Monday 31 August 2015

The Ninth Doctor Year

In this, the fourth guest blog post, @BlueCollarDrWho shares his thoughts on the first season of Doctor Who, and on Chris Eccleston's portrayal of the titular Time Lord. The article presents an interesting perspective on the socio-political undertones of the first season, and of the Ninth Doctor. It is, as a reader, fascinating to see how Doctor Who impacts fans in different ways, and how we each apply a variety of interpretations to the stories, and so, without any further ado, I'm proud to present...

The Ninth Doctor Year

This blog post intends to review each episode of the Ninth Doctor year plus a summary of the Ninth Doctor himself, the companion Rose’s time with Ninth.

Christopher Eccleston’s time on Doctor Who was so short that he played the Doctor from 26 March 2005 – 18 June 2005, which is only 84 days! (Yes, I did the sums using my Mac Own Numbers software) 


Rose not only shows a new companion for the Doctor but marks the return of a new TV series of Doctor Who since 1989. A passage of 16 years! What was clear in the first few minutes of Rose was that the companion would play a bigger role in Doctor Who by showing the life of Rose such as her mother and her boyfriend Mickey. Doctor Who returned by bringing back the Autons last seen in ‘Terror of the Autons’ back in 1971.

Rose also brought a new phrase in Doctor Who history “Every Planet has a North” & “Lots of Planets have a North” I always viewed the Ninth Doctor as being the first Doctor with a strong accent because although Sylvester McCoy has a Scottish accent it is very mild in comparison to Christopher Eccleston. Christopher Eccleston himself made it abundantly clear that he deliberately kept his Salford Accent in reaction against the Received Pronunciation accent common in BBC. Something I agree on with Christopher Eccleston.

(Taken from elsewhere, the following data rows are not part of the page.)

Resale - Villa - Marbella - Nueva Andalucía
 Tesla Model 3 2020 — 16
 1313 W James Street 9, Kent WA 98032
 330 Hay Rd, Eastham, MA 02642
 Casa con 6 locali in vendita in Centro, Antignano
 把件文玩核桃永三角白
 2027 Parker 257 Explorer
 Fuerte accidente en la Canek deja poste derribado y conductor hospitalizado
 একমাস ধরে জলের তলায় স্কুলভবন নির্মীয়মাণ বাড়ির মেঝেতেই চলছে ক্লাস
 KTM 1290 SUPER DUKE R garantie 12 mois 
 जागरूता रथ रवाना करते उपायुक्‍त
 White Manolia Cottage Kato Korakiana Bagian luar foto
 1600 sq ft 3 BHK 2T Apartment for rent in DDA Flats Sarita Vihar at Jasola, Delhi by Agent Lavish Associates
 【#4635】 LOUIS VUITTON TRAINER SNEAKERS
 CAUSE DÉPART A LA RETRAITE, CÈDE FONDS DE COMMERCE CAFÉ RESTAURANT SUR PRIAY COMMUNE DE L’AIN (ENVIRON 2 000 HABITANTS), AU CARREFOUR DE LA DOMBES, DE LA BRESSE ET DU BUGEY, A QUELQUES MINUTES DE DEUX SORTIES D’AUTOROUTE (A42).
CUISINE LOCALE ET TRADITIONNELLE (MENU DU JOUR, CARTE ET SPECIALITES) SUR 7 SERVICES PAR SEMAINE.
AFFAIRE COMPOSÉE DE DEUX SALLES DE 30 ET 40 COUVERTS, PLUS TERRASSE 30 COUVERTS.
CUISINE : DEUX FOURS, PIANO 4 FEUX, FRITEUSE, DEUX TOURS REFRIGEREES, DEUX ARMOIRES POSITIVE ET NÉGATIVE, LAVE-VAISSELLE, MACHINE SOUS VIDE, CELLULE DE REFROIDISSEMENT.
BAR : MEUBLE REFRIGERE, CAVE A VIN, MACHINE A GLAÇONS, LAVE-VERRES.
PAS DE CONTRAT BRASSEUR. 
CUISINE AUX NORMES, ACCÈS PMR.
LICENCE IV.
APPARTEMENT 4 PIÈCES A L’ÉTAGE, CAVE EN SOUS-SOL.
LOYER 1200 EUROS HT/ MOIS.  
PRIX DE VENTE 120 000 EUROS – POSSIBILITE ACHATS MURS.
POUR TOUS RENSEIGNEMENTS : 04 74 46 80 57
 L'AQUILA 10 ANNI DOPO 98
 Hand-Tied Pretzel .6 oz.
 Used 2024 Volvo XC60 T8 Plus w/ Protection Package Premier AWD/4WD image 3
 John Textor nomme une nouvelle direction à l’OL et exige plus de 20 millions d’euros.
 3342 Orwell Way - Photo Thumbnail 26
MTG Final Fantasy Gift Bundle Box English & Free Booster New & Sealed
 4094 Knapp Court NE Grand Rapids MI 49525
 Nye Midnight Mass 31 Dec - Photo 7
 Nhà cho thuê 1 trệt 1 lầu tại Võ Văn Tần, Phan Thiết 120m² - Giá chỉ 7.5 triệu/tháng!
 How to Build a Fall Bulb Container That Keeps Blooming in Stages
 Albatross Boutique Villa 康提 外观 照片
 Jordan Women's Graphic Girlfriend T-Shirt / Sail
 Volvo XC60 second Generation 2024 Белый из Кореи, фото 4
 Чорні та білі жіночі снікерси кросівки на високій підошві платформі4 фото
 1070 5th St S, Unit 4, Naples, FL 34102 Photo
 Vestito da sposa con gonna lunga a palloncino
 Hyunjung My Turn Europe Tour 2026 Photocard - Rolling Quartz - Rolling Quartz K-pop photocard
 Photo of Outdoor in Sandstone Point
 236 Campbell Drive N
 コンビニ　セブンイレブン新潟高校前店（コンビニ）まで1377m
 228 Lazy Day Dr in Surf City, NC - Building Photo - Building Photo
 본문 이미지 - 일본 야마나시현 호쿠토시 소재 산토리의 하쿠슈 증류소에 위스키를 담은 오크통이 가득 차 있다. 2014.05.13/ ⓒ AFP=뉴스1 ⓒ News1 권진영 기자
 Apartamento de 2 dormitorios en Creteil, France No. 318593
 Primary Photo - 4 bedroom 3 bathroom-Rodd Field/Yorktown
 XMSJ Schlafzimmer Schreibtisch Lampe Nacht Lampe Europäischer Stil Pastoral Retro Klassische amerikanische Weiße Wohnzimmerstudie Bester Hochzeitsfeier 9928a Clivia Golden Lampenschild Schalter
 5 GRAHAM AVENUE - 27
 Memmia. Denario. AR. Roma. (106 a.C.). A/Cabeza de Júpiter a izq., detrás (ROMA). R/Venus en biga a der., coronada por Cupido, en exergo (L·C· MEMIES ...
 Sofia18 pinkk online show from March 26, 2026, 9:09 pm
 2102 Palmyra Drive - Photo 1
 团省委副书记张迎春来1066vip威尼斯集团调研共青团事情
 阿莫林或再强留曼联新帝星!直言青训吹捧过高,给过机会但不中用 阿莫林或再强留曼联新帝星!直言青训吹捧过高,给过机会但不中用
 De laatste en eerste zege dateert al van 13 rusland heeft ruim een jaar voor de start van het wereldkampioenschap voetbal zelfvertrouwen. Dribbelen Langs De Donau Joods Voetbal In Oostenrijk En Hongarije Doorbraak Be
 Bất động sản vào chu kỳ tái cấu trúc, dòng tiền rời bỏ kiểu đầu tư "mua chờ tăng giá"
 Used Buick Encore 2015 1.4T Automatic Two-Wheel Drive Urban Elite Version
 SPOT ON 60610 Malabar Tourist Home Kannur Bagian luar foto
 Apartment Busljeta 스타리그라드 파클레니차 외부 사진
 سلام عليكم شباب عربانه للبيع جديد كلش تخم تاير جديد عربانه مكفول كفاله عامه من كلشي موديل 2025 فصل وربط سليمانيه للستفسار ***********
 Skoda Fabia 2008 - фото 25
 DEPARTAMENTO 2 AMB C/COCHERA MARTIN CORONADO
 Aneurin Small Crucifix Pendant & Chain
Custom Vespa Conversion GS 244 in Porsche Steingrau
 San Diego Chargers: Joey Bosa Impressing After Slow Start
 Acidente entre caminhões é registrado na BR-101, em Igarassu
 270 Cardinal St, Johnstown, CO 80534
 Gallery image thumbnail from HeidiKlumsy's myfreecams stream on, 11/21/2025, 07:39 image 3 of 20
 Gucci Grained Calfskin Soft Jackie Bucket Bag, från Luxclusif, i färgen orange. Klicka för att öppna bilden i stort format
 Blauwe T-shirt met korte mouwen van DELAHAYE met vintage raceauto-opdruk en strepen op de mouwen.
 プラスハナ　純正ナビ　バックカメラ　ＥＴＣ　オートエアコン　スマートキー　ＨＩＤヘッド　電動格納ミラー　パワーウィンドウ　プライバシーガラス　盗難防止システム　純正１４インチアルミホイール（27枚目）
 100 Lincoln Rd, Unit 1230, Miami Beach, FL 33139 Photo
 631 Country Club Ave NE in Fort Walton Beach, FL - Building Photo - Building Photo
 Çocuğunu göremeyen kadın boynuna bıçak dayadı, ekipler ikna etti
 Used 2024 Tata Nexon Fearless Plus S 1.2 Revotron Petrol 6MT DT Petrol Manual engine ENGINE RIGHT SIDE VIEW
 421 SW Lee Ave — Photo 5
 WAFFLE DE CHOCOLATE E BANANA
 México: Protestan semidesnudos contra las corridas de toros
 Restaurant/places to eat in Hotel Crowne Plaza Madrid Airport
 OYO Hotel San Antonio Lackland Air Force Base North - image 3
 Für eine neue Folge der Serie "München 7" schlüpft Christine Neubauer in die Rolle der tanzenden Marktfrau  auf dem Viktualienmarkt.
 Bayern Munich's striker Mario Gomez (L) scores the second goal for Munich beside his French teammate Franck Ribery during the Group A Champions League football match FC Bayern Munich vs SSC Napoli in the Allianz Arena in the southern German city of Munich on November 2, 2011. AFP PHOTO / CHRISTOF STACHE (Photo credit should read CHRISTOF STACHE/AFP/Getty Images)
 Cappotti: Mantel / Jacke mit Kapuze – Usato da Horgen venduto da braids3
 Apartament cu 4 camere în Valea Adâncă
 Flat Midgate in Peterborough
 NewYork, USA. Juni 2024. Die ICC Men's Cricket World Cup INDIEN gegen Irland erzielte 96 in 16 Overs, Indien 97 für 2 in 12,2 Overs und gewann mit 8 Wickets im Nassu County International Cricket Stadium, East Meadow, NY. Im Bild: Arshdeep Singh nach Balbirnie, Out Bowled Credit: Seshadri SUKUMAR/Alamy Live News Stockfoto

Rose criticized the Doctor for not remembering the name of her boyfriend Mickey. I think the reason the Doctor may not have remembered Mickey’s name is because of what I see as the Ninth Doctor ethos. I think the Ninth Doctor ethics is based on utilitarianism which holds that all life is equally important and if he remembered Mickey’s name it would attach too much greater importance to one individual over another or everyone else which is contrary to the ideas of utilitarianism. 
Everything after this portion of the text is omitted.